Categories of Hope
I had a very emotional day yesterday. Though two-thirds of it were spent with other people, I ended the night the same as I have for nearly every night the past four months - alone. With the preceding week being just as social, I found myself needing a release to make up for all the time I didn't spend alone.
And so I cried and cried. And spoke and wrote and writhed and cried. I mourned, yet again, my last relationship, which I chose to leave, because the current circumstances made that decision now seem nonsensical. I threw a pity party for myself because of my aloneness, even though the apartment I live in, miles away from friends and family, was chosen by me. I reflected on how even my aloneness caused another level of grief, the shame that other people knew how alone I was. And I marveled at the most privileged of existential crises - what do I do with all this free time, space, and stuff at my disposal?
I've long loved the idea of living a creative life, and I always envisioned that once I had my own place I could just set the ground on fire and be prolific in all my various pursuits. But instead I have had four months of not knowing how to handle the amount of wiggle room between me and others. Physical proximity aside, how do I create something with any semblance of meaning if there is no one to appreciate it? What is the point of cooking creatively if no one comes for dinner?
On my lunch-break walk today, I pondered creativity, and probed my brain for answers as to why I could not simply allow myself to take advantage of the solitude and create, unfettered.

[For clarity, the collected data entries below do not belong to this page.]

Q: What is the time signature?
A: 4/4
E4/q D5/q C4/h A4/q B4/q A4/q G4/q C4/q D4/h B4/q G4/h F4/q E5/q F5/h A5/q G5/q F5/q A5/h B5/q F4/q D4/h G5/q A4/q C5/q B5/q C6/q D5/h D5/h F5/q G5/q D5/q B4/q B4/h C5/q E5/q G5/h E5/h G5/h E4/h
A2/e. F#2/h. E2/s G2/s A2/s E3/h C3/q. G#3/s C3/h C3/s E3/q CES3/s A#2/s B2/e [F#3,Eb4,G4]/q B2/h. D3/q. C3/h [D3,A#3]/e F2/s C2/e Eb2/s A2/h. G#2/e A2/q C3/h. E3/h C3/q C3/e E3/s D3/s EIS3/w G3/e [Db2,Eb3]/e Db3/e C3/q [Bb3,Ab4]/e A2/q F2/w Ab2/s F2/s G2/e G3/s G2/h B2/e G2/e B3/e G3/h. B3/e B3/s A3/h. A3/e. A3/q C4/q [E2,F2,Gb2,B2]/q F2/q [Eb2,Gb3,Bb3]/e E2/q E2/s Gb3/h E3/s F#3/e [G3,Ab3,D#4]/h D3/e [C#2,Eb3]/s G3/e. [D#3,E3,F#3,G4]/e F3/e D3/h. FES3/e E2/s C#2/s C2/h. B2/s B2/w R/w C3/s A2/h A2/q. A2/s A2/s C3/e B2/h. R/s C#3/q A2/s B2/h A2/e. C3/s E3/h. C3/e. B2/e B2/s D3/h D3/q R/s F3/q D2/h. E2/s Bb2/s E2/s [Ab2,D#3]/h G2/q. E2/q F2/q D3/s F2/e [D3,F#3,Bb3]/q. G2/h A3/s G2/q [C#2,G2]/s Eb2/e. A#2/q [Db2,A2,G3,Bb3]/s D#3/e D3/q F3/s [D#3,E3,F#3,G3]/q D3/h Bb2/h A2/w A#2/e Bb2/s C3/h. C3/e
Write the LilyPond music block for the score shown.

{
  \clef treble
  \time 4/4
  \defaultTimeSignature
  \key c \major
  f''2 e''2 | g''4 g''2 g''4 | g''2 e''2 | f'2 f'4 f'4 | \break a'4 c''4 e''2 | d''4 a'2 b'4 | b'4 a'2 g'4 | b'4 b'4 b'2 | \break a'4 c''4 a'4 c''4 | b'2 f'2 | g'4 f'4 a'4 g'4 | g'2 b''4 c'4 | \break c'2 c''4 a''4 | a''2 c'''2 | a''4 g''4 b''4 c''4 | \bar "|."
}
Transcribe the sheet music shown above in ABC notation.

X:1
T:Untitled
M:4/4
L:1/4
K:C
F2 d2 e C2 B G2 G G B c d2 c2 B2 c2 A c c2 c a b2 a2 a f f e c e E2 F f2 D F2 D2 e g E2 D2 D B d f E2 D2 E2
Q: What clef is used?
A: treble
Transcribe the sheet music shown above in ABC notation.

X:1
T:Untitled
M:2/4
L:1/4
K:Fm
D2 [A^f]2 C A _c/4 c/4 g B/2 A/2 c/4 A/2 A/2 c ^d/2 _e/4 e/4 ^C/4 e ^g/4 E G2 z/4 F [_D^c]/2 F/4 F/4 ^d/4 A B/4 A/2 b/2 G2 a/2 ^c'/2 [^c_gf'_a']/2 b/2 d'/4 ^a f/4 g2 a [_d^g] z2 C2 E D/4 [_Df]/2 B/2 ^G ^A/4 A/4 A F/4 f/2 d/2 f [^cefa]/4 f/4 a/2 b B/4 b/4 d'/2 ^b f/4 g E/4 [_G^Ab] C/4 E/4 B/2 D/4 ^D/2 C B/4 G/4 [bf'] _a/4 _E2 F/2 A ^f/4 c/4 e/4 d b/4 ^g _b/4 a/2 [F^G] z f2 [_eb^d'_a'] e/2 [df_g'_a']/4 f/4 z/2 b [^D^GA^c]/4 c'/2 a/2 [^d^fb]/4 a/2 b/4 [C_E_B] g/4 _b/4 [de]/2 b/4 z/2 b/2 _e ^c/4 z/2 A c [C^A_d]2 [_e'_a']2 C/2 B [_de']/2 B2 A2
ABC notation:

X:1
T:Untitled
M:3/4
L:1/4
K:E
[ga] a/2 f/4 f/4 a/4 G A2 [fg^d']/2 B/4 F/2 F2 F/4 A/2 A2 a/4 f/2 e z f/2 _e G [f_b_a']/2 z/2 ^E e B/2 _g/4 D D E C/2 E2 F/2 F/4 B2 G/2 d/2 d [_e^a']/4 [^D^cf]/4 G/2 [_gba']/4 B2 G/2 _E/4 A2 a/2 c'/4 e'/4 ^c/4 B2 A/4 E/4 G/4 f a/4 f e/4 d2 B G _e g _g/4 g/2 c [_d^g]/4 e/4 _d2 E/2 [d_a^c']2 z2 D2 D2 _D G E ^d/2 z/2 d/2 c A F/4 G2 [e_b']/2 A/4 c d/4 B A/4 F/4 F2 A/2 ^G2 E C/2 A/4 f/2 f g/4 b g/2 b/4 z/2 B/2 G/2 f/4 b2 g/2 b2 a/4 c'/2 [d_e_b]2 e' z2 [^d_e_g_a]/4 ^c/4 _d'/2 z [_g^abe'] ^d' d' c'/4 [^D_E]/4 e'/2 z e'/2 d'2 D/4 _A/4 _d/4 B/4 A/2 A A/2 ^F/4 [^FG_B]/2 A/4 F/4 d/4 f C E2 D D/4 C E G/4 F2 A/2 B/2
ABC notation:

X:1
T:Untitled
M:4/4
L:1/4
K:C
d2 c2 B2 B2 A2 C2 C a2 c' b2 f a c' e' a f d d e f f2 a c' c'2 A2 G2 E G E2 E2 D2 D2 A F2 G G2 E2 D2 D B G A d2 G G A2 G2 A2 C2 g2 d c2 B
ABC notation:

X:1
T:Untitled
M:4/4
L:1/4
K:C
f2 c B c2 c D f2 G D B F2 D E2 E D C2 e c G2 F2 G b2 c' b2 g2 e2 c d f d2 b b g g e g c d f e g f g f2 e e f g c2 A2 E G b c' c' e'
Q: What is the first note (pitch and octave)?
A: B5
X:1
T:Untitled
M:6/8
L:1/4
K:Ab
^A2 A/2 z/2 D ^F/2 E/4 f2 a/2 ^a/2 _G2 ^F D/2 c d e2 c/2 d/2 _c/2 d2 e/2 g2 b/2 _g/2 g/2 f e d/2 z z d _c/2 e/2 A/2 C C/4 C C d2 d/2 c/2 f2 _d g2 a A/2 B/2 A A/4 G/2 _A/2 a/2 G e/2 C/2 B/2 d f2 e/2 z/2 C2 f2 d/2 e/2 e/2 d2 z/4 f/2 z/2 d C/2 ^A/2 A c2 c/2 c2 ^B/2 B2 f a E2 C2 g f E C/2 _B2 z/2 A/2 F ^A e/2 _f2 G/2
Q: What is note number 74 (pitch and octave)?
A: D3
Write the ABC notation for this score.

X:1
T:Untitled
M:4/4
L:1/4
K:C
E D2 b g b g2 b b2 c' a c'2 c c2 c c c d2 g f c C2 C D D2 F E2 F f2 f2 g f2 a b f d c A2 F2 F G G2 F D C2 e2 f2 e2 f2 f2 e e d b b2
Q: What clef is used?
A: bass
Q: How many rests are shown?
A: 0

The feminist in me cropped up and exclaimed that I am perhaps too hung up on traditionally female concerns which may or may not actually represent my personal views of my solitude. My sister would struggle to have no one to care for or to care for her. My mother would wither if she didn't have an adult child around through whom she could live vicariously. But I... miss neither the comfort of a man's touch nor the conversations I have with friends. I miss groups, but maybe everyone does.
I believe that women sometimes have our thinking taken over by what we feel we ought to be doing or be concerned about, and we have to play mental tricks occasionally to regain control of our decision-making. I feel this struggle many times a day, when I switch back and forth from tending to my health or appearance to working on the task at hand. It takes a kind of willpower to maintain control of the mind's narrative for a prolonged amount of time.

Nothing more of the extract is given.